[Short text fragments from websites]
——————
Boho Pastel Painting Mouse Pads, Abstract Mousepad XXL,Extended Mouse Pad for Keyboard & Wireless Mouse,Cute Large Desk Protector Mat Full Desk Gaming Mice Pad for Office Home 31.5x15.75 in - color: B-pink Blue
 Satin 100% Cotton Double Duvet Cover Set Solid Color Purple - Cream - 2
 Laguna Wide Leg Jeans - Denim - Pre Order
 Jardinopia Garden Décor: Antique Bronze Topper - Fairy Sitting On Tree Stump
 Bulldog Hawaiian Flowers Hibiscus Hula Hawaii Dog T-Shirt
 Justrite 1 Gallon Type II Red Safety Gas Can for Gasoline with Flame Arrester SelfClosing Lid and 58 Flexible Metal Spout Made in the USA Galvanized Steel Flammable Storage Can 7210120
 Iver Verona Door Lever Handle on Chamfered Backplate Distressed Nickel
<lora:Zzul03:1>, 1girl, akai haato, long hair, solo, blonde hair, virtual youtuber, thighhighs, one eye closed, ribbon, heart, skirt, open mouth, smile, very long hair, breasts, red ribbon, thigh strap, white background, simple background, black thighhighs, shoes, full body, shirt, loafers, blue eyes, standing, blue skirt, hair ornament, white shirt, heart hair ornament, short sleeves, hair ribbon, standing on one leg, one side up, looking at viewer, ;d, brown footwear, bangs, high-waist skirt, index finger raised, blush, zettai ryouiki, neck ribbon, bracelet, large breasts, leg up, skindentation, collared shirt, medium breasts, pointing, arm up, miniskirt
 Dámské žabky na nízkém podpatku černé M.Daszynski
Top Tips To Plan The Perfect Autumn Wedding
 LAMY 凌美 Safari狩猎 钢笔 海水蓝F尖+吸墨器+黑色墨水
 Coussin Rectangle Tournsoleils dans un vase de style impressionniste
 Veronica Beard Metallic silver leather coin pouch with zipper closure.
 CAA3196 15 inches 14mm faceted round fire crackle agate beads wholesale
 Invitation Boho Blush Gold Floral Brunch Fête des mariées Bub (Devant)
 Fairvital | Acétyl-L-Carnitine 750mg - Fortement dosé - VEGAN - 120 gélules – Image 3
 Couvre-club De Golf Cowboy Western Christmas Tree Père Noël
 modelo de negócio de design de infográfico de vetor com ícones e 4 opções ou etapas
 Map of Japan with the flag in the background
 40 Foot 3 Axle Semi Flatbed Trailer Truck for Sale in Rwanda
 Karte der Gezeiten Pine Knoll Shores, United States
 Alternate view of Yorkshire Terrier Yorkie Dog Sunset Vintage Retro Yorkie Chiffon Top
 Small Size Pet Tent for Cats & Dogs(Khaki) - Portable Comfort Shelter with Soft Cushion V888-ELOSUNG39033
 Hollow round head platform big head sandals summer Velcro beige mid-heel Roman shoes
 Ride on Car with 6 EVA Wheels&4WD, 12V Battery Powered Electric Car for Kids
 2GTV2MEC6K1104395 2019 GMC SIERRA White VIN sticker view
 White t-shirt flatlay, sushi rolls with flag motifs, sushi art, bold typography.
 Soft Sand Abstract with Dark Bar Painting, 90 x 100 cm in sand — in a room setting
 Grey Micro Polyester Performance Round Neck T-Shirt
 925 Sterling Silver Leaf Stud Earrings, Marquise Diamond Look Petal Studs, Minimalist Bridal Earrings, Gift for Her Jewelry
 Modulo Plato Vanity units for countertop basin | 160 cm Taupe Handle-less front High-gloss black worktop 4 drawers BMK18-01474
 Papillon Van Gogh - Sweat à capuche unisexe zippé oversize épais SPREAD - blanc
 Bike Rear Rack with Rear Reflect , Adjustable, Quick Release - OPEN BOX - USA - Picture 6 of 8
——————
# [Exercise requirements]
A single number is asked for: how many lines in the entries above hold the string "flag".

# [Answer area]
2